朝ドラ ばけばけ 雨清水傳のモデル
雨清水傳(うしみずでん)とは
2025年後期NHK朝ドラ「ばけばけ」に登場する、堤真一さん扮する雨清水傳(うしみずでん)とは、髙石あかりさん演じるヒロイン・髙石あかりさんの親戚にあたる人物です。
雨清水傳のモデルは実在した小泉セツの実父である、小泉湊(こいずみみなと)(1837年〜1887年)であると考えられます。
ばけばけ 雨清水傳の役柄
松江藩に名をはせる上級武士で文武両道のエリート。親戚のトキを大変可愛がっており、幼い頃からなにかと気にかける。松江で知らない人はいないほどの人格者で、変わりゆく時代の中、トキをはじめ多くの没落士族に手を差し伸べようと尽力する。
雨清水傳 役 堤真一さん プロフィール
1964年生まれ、兵庫県出身。NHKでは大河ドラマ『武蔵 MUSASHI』、土曜ドラマスペシャル『とんび』、連続テレビ小説『マッサン』など、多彩な作品に出演し、印象的な役柄を好演。
小泉湊とはどんな人物だったのか
松江藩の三百石取りの上級武士
NHKは雨清水傳を「松江藩に名をはせる上級武士で文武両道のエリート」と設定します。モデルとなった小泉湊もこの設定通りの人物です。
小泉湊の小泉家は代々、出雲国の松江藩で三百石を食んだ家柄で、50人の組士の侍を統率する番頭(ばんがしら)を務めてきた家柄でした。
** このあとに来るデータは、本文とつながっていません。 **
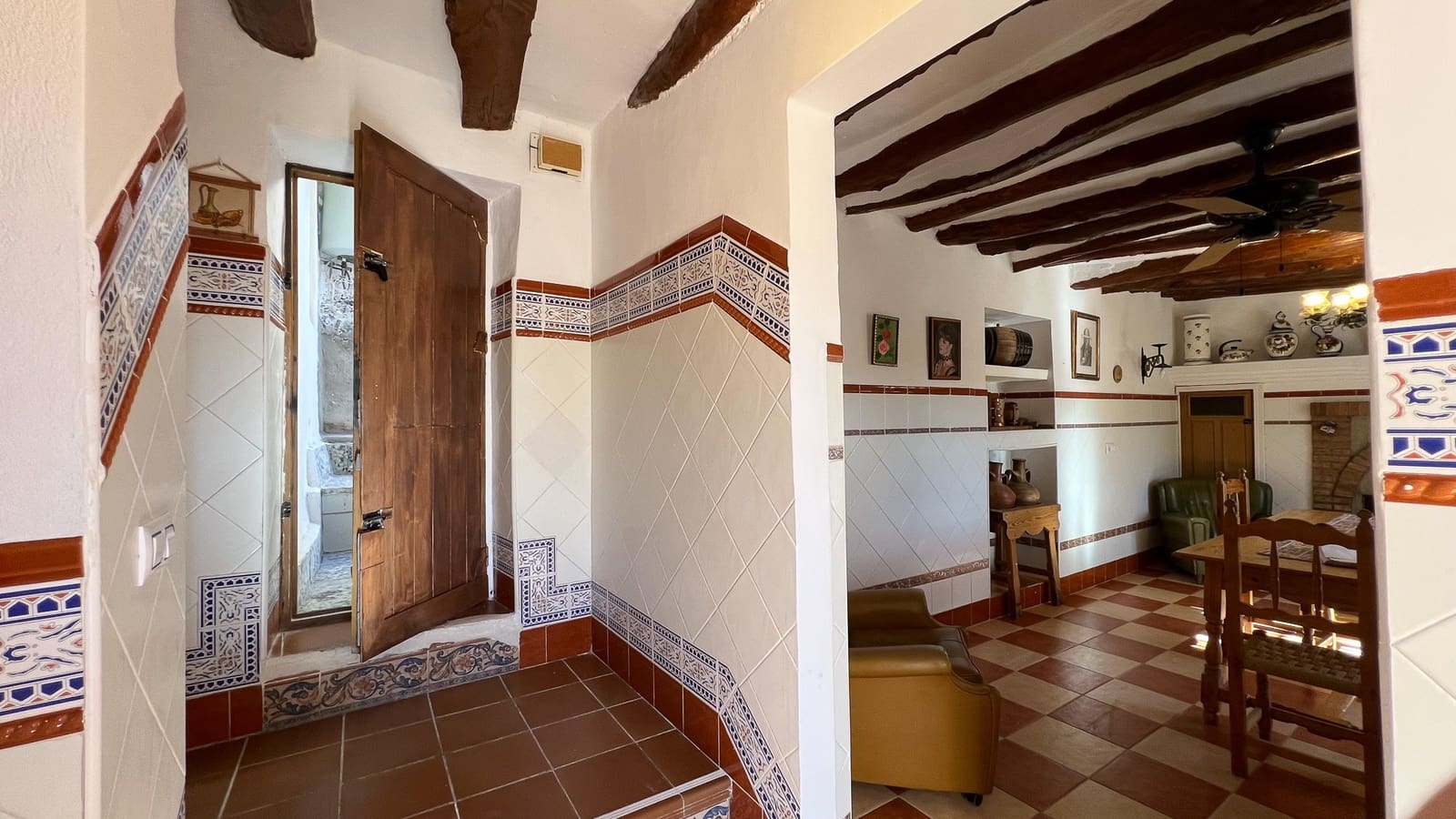 5 bedroom Townhouse for sale in Senes with garage - € 86,000 (Ref: 9433406)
松江藩には上士と言われる侍は約1,000人が存在し、そのうち「家老(かろう)」・「中老(ちゅうろう)」・「番頭」を務める50の家は、特に名誉ある家として知られていました。
小泉湊は「文武両道のラストサムライ」だった
小泉湊は、その由緒正しき小泉家の八代目にあたる人物で、まさしく「文武両道のエリート」でした。「八雲の妻 小泉セツの生涯」の本文の冒頭では、幕末期の小泉湊をこのように紹介しています。
セツの父親の小泉弥右衛門湊(こいずみやえもんみなと)は、当時三十一歳で、前の年の九月に、父七代弥右衛門岩苔(がんたい)の病気引退の後を受けて、家督を相続したばかりである。彼は小兵ながらも意思堅固で、しかも覇気に富んだ侍であった。青年時代から武芸に秀でていた彼は、当時、藩の習兵所の取締役を務めていたし、幕末の激動期にあって、あるいは京都の守衛に、あるいは長州戦争での一隊の指揮に、その力量を発揮してきた。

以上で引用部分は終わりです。